Leaving out the pictures, copy each record below exactly.

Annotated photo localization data
::::::::::
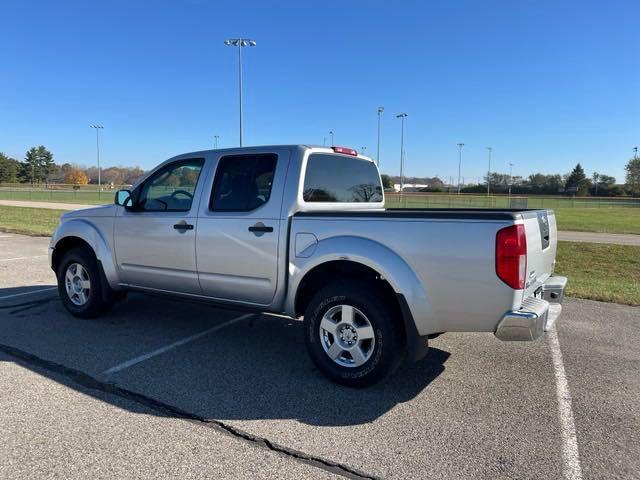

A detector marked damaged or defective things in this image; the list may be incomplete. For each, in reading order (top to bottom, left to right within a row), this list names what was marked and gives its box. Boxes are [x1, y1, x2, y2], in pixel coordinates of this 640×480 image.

pavement crack [0, 344, 380, 480]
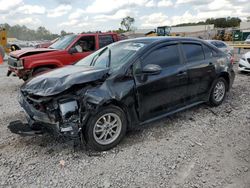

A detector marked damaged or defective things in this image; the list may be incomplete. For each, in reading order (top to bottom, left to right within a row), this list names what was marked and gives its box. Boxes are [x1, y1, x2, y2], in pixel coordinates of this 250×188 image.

crumpled hood [22, 65, 110, 97]
broken headlight [58, 100, 78, 120]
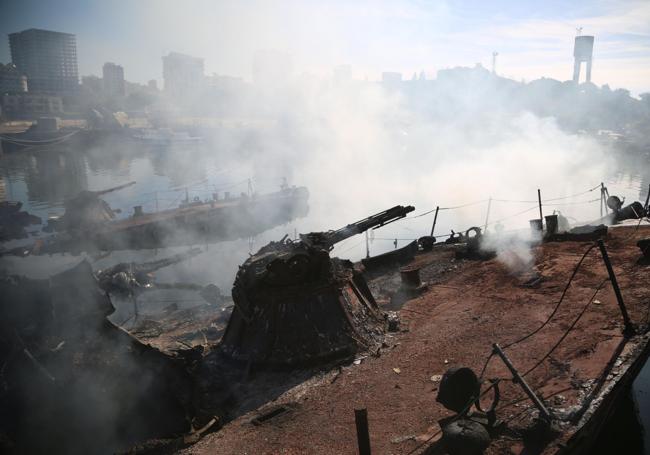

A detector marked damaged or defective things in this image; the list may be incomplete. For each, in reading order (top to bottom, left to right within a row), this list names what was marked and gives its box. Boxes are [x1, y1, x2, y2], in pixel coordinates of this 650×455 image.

damaged crane [218, 205, 410, 368]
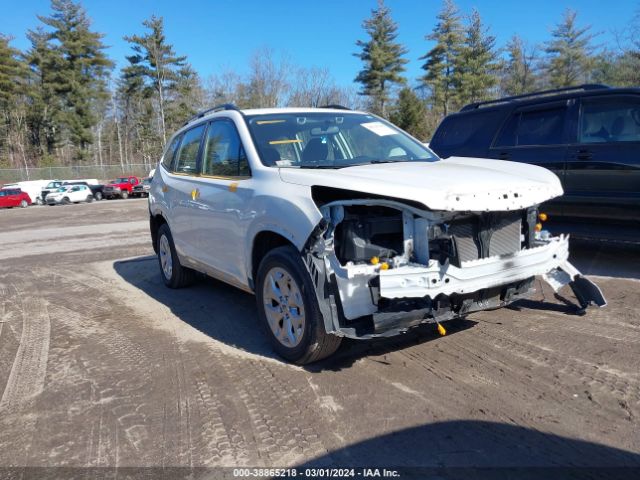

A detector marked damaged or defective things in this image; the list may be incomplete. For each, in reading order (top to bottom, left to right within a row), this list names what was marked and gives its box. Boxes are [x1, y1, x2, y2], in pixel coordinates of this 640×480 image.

crumpled hood [280, 157, 564, 211]
damaged front end [302, 193, 608, 340]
::::::::::
### Answer to this problem
A detector marked damaged or defective things in this image; the list may be incomplete. For each, in reading order (top to bottom, left to right within a row), this list names what was marked and gives its box. Boxes are [x1, y1, x2, y2], in pixel coordinates of this 640×480 image.

pavement crack [0, 344, 380, 480]

A detector marked damaged or defective things in this image; the list may be incomplete. For each, in reading order (top to bottom, left to right within a row), this list names what was marked and gives its box. Boxes are [x1, y1, x2, y2], in pixel coordinates of this 250×188 image.

crumpled hood [22, 65, 110, 97]
broken headlight [58, 100, 78, 120]

A detector marked damaged or defective things in this image; the list may be incomplete. For each, in reading order (top to bottom, left to right within a row), this list names what was marked and gives its box. Boxes are [x1, y1, x2, y2], in pixel coordinates of this 650×455 image.

damaged crane [218, 205, 410, 368]

A detector marked damaged or defective things in this image; the list may be incomplete. For each, in reading order (top to bottom, left to right within a row), this list names what was marked and gives its box. Boxes are [x1, y1, x2, y2], in pixel coordinates of this 640×480 image.

crumpled hood [280, 157, 564, 211]
damaged front end [302, 193, 608, 340]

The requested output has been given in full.